Dategli una chance e non ve ne pentirete.

Molly – Picturesque [austria]

Può un duo austriaco tirare fuori un bell’album post-rock/shoegaze/dream-pop?
Chiaro che la risposta è sì, sennò mica stava in questa lista di album.
Sono solo 6 tracce ma dura in tutto 46 min, questo vi fa capire un po’ il senso di questo genere dove la musica necessita
di avere un certo respiro.
I Molly riescono nell’impresa di dare una intensità ed un’energia che non ha nulla da invidiare alle band più famose del genere.
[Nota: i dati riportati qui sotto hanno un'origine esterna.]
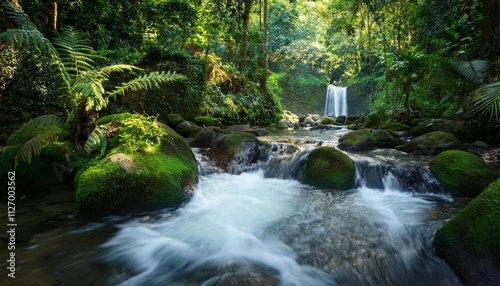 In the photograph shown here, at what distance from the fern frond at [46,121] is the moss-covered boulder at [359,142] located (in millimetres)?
6775

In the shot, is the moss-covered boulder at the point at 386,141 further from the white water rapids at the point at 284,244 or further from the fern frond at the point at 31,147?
the fern frond at the point at 31,147

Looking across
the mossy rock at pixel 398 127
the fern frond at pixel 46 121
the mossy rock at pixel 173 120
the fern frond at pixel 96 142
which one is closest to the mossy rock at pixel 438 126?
the mossy rock at pixel 398 127

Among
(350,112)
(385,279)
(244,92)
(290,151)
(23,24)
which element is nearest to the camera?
(385,279)

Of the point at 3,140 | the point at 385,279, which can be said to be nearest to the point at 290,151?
the point at 385,279

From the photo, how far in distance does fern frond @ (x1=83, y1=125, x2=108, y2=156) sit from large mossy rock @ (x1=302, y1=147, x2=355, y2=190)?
3602mm

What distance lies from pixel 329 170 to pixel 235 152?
86.3 inches

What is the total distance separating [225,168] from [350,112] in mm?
25228

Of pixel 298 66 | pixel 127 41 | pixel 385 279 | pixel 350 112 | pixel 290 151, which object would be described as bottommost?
pixel 385 279

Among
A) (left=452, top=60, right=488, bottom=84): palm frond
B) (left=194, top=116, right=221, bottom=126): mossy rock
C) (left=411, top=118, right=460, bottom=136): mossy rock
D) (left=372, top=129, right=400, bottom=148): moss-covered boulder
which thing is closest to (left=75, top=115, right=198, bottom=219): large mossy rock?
(left=372, top=129, right=400, bottom=148): moss-covered boulder

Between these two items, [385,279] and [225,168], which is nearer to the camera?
[385,279]

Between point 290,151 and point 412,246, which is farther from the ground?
point 290,151

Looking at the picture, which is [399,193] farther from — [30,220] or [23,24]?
[23,24]

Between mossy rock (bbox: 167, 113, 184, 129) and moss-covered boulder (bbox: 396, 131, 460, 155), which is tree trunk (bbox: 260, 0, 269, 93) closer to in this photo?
mossy rock (bbox: 167, 113, 184, 129)

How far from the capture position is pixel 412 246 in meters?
2.99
Gaz Coombes – Turn The Car Around [inghilterra]

L’ex Frontman dei Supergrass in queste 9 tracce probabilmente ha messo tutto ciò che ha provato in questi anni.
Proprio come in un film puoi percepire gli alti e bassi, le gioie e i dolori,
i dubbi, sia nei testi ma anche nel modo in cui le canzoni sono state arrangiate.
C’è un filo rosso che collega le tracce ed è una sorta di speranza, come quando cerchi di automotivarti a non mollare
e a non lasciarsi andare.
Proprio come nei film tocca a voi immedesimarsi o meno e farsi guidare in questo viaggio da Gaz.

The Murder Capital – Gigi’s Recovery [irlanda]

Ve lo dico subito, se avete il tempo di ascoltare un solo album vi consiglio proprio questo.
Il mondo “new post-punk” ci sta regalando degli album di un livello altissimo.
La band irlandese riesce però a fare un passo in più, pur seguendo quella wave portante la modellano per renderla meno
spigolosa e dare un nuovo volto a questo genere.
Melodie, fiati, campionamenti, le linee vocali non monotone, composizioni che non sono mai banali o ripetitive, una ritmica
che fa veramente la differenza e quella nota di traverso che non ti fa stare mai comodo.
Un mix di sentimenti sbattuti a forza dentro un barattolo che viene poi shakerato e appena lo apri ti becchi in faccia questo
pugno di emozioni.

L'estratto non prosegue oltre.